Growth isn't picking up for consumer companies, if Hindustan Unilever's September quarter numbers are anything to go by. While standalone net sales grew by 10.8% year-on-year to Rs 7640 crore, volume growth remained tepid at 5%, which disappointed analysts. The quarter's sales growth has been driven by a 11% growth in soaps and detergents. The personal products segment grew by 9.9% year-on-year, exhibiting signs of continued weakness. The laundry segment's growth, analysts claim, has been driven by the premium segment, even though brands like Wheel are showing traction after the relaunch.The company's domestic consumer business grew 10.7% year-on-year to Rs 5800 crore, driven by a robust growth in select categories. Even though input prices have been coming down over the last few quarters, Hindustan Unilever has seen raw material prices increase year-on-year. The share of raw material prices as a percentage of sales during the quarter was 51.8% against 50.3 in the corresponding quarter last year. This impacted gross margins, which have declined 150 basis points year-on-year to 48.2%.
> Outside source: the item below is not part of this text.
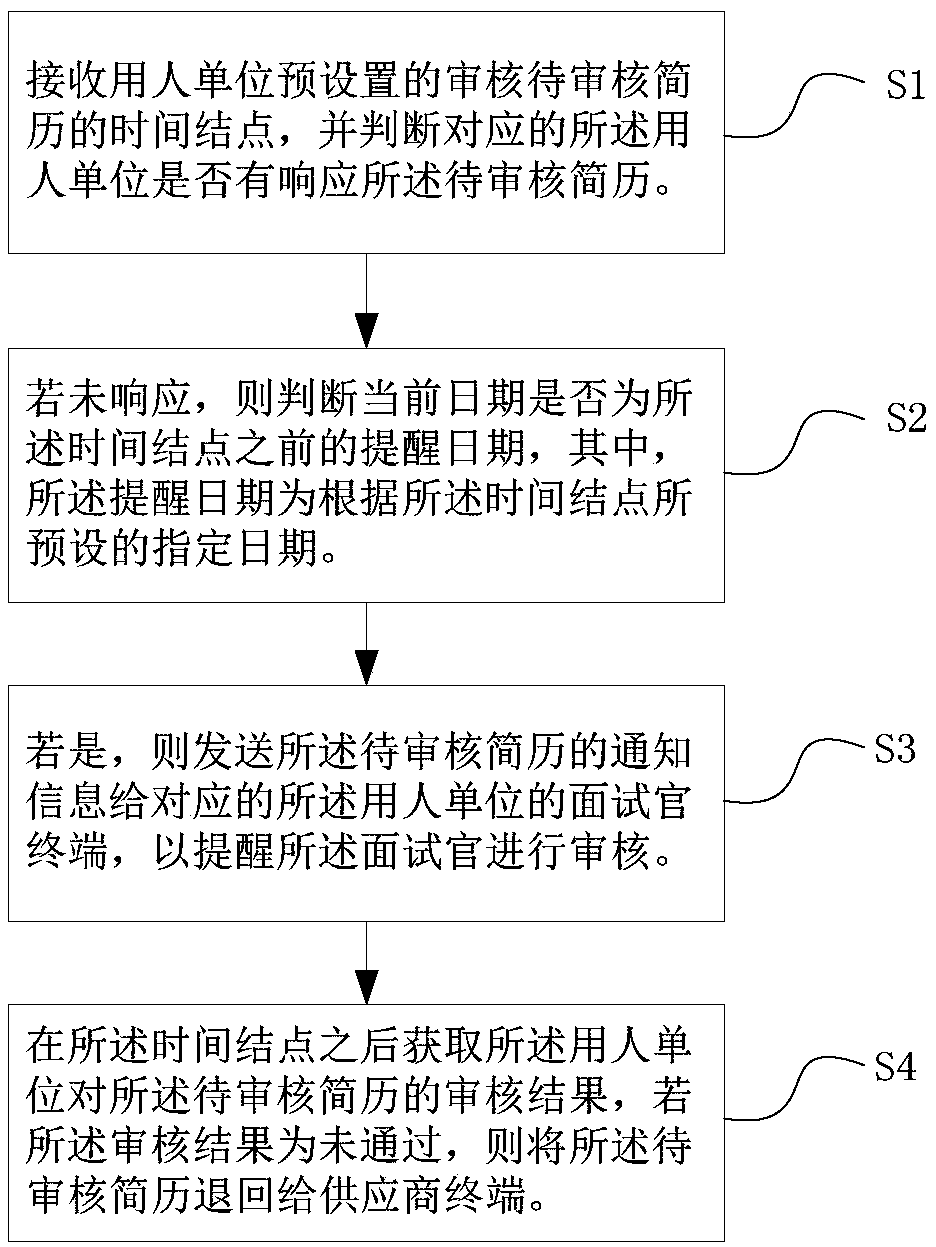 Monitoring resume auditing method and device, computer equipment and storage medium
Despite the decline in gross margins, HUL's operating margins improved 50 basis points year-on-year to 16.3%, as the input cost inflation ebbed towards the end of the quarter. The company's also keeping a check on costs to protect its margins. Compared to last year, advertising & promotion spends have declined as a percentage of sales as have other expenses. Advertising expenses as a percentage of sales have declined from 13.8% in the second quarter of FY14 to 12.1% of sales.
While sequentially, most segments have seen their margins decline, however, compared to last year, segment margins are up other than the soaps and detergents. The soaps & detergents segment saw its EBIT margin decline 40 basis points YoY to 13.6%. The EBIT margin for the personal products segment expanded 160 basis points YoY 24.4% and processed foods business saw EBIT margin expand 110 basis points YoY to 4.4%. While growth in key categories like skin cleansing and skin care remained strong, growth in the oral care segment has been impacted by the competitive intensity.
According to Emkay Global, HUL's adjusted profit after tax grew 6.7% to Rs 940 crore, which is below estimates, due to higher depreciation and higher tax rate. The company's reported profit after tax grew 8.1% YoY to Rs 990 crore.